SPARQL Queries for Competency Questions

Error rendering macro 'jira' : Unable to locate Jira server for this macro. It may be due to Application Link configuration.

Introduction

Competency questions (CQs) are used to drive the ontology development and test the ontology capabilities to solve concrete data challenges.
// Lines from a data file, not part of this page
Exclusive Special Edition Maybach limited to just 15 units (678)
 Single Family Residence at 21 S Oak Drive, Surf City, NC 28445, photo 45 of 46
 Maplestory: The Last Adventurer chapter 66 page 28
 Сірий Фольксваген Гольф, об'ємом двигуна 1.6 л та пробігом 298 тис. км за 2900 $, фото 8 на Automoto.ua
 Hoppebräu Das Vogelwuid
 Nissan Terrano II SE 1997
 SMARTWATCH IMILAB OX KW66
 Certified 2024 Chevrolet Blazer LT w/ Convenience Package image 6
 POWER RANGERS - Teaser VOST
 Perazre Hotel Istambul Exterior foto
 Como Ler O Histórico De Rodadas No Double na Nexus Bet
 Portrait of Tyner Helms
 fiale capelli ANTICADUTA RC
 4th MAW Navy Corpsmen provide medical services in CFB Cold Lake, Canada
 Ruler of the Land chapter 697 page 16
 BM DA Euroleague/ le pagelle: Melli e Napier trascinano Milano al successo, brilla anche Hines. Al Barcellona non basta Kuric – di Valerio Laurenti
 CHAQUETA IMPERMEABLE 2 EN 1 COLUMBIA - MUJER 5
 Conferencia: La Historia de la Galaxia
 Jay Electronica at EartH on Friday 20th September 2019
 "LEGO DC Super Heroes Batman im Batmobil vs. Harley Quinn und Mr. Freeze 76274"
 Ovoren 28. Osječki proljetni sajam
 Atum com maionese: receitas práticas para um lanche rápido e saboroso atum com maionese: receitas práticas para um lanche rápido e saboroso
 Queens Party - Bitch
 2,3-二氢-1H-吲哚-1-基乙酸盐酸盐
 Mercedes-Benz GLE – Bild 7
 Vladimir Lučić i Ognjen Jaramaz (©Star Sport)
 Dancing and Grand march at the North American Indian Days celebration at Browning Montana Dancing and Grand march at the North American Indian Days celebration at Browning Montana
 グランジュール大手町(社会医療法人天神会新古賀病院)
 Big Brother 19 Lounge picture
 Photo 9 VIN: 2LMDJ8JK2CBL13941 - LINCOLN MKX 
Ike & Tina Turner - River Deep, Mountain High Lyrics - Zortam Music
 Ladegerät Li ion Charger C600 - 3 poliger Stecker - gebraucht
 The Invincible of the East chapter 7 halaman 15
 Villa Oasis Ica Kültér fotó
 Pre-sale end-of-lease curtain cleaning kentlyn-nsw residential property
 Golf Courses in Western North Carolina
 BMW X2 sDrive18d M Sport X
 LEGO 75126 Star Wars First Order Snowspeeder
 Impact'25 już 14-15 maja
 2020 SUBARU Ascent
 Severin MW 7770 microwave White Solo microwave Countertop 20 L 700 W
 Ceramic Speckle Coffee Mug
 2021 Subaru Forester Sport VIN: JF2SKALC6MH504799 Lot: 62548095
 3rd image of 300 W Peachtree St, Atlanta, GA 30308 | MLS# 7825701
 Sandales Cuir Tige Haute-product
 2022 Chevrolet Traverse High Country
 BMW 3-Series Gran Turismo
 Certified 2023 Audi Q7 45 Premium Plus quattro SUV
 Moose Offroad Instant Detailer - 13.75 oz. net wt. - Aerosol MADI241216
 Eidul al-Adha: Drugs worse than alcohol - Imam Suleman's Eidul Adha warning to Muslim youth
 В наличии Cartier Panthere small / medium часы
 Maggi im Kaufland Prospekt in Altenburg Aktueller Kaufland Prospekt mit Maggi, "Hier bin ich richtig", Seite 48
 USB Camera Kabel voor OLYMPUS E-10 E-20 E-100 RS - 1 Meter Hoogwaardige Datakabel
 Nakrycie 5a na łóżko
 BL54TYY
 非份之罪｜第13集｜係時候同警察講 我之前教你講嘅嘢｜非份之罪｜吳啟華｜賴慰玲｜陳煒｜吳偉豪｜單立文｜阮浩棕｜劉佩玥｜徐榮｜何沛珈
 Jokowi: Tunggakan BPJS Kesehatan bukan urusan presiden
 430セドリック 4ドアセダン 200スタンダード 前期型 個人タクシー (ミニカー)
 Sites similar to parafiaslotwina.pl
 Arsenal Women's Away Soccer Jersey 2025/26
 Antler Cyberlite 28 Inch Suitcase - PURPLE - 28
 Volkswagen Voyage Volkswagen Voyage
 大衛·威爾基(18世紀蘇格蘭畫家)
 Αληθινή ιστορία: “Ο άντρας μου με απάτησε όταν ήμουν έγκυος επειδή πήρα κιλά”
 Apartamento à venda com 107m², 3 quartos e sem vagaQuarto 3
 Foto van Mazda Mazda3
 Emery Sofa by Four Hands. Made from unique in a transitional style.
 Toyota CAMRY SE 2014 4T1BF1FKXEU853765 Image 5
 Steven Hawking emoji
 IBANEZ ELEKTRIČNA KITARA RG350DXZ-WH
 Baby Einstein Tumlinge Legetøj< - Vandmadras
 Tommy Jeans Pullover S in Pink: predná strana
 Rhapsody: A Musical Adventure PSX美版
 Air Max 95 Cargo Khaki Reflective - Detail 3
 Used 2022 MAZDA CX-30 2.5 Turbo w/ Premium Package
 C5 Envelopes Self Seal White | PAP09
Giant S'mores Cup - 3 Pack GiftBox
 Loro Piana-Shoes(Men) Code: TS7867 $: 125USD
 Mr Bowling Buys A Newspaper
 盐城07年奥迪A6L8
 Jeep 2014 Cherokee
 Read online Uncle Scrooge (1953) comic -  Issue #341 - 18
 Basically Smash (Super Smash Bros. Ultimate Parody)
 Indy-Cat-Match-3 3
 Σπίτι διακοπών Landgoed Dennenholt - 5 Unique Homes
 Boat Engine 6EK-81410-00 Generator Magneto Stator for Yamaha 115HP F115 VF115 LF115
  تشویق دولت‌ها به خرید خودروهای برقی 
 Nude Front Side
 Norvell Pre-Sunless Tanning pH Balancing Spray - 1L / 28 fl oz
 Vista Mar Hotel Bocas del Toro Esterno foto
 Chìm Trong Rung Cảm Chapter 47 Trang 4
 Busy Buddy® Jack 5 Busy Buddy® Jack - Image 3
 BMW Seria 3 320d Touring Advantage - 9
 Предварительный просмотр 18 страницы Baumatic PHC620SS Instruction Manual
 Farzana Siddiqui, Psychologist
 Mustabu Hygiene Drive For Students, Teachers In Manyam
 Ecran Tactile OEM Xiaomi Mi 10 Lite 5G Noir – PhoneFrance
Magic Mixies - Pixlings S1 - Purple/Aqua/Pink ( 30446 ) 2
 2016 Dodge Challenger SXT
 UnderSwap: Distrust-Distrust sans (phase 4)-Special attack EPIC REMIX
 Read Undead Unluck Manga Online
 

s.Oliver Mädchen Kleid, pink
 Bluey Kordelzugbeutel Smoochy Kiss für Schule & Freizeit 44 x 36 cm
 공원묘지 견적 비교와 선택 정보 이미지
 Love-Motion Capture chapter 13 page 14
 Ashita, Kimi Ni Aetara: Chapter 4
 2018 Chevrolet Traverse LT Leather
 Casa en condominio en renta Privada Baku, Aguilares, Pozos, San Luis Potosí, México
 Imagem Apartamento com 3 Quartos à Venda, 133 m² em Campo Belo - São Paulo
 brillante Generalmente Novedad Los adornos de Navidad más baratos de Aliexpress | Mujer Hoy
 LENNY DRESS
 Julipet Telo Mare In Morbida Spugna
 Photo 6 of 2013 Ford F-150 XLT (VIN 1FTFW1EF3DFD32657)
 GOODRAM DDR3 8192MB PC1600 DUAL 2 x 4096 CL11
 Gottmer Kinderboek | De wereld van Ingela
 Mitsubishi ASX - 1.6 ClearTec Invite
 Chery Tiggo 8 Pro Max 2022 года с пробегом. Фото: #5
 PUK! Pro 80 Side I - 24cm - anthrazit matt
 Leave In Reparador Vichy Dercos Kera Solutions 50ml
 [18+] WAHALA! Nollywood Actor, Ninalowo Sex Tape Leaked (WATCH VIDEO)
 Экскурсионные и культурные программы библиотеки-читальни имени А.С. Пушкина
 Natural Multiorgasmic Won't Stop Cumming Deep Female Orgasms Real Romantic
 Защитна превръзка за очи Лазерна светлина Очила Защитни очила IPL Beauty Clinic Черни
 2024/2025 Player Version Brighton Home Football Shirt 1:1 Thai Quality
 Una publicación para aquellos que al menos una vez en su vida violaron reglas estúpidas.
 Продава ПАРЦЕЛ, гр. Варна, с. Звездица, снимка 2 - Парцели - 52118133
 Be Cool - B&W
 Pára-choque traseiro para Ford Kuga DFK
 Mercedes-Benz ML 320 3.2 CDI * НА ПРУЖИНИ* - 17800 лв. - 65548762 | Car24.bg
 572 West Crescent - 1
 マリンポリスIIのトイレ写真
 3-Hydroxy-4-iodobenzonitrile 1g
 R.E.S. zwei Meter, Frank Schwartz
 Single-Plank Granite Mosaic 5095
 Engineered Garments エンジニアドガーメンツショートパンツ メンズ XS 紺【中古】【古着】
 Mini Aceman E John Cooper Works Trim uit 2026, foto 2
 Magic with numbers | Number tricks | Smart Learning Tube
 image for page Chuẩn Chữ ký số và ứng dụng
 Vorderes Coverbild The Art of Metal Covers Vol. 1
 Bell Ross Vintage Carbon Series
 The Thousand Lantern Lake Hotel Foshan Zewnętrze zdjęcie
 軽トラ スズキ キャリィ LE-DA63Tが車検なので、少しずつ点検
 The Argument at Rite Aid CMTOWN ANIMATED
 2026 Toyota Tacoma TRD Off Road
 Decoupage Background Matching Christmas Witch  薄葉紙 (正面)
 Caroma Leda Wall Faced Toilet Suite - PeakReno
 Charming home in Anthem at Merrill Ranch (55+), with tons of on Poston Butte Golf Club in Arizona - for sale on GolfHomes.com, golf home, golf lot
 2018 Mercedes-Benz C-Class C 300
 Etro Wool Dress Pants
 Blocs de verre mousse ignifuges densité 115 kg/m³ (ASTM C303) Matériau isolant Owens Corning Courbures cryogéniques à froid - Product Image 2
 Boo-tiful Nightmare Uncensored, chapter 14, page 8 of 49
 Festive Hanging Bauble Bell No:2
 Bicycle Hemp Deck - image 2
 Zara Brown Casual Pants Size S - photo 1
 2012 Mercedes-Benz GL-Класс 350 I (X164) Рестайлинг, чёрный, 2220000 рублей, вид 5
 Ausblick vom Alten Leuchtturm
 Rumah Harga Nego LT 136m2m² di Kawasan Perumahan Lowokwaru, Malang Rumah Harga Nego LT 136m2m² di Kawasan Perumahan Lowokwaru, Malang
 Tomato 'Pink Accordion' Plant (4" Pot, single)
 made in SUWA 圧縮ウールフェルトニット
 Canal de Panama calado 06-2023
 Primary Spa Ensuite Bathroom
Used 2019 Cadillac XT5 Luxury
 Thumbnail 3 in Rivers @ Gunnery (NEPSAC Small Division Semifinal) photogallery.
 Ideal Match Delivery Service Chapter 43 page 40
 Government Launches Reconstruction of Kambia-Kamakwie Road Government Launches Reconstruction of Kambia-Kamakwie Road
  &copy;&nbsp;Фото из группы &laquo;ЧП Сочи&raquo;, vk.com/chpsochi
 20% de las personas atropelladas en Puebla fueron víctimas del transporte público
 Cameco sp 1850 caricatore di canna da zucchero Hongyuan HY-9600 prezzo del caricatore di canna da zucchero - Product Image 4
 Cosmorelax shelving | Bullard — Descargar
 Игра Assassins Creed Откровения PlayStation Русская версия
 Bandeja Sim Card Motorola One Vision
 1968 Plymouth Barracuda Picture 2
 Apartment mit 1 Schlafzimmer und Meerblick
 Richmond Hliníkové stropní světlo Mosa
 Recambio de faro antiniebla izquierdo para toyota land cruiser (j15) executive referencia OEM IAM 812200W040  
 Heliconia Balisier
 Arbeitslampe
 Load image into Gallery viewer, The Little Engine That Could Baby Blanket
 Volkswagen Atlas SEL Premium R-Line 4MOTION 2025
In order to answer a CQ such as "Which substances have the common active moiety <active moiety x>?" we need to creat a SPARQL query that can be evaluated on an IDMP Knowledge Graph (IDMP Ontology + IDMP-O aligned data).

TODO: Diagram

SPARQL Query Guidelines

In order to develop SPARQL queries in a consistent manner, the following guidelines should be applied.

  1. Use standard prefix notations
  2. Use CamelCase for the variables
    1. Nodes and Individuals starting with upper case
    2. Properties starting with lower case
  3. Write all SPARQL key words in capital letters ("SELECT" not "select" or "Select") 
  4. Use BIND to assign all relevant variables a the top of the WHERE statement
  5. For the CQ parameters the "$" is used for the corresponding variable
  6. Provide at least one example in the comments for the variable BINDing
  7. Do not require unique labels of resources (as the queries should be able to run on many different datasets)
  8. Use inverse property pairs to be agnostic to their use e.g., ^idmp-sub:isActiveMoietyOf|idmp-sub:hasActiveMoiety
  9. Use of subproperties?
  10. Use of full vs. shortcut pattern: substance/ingredient role pattern vs. direct "includedIn"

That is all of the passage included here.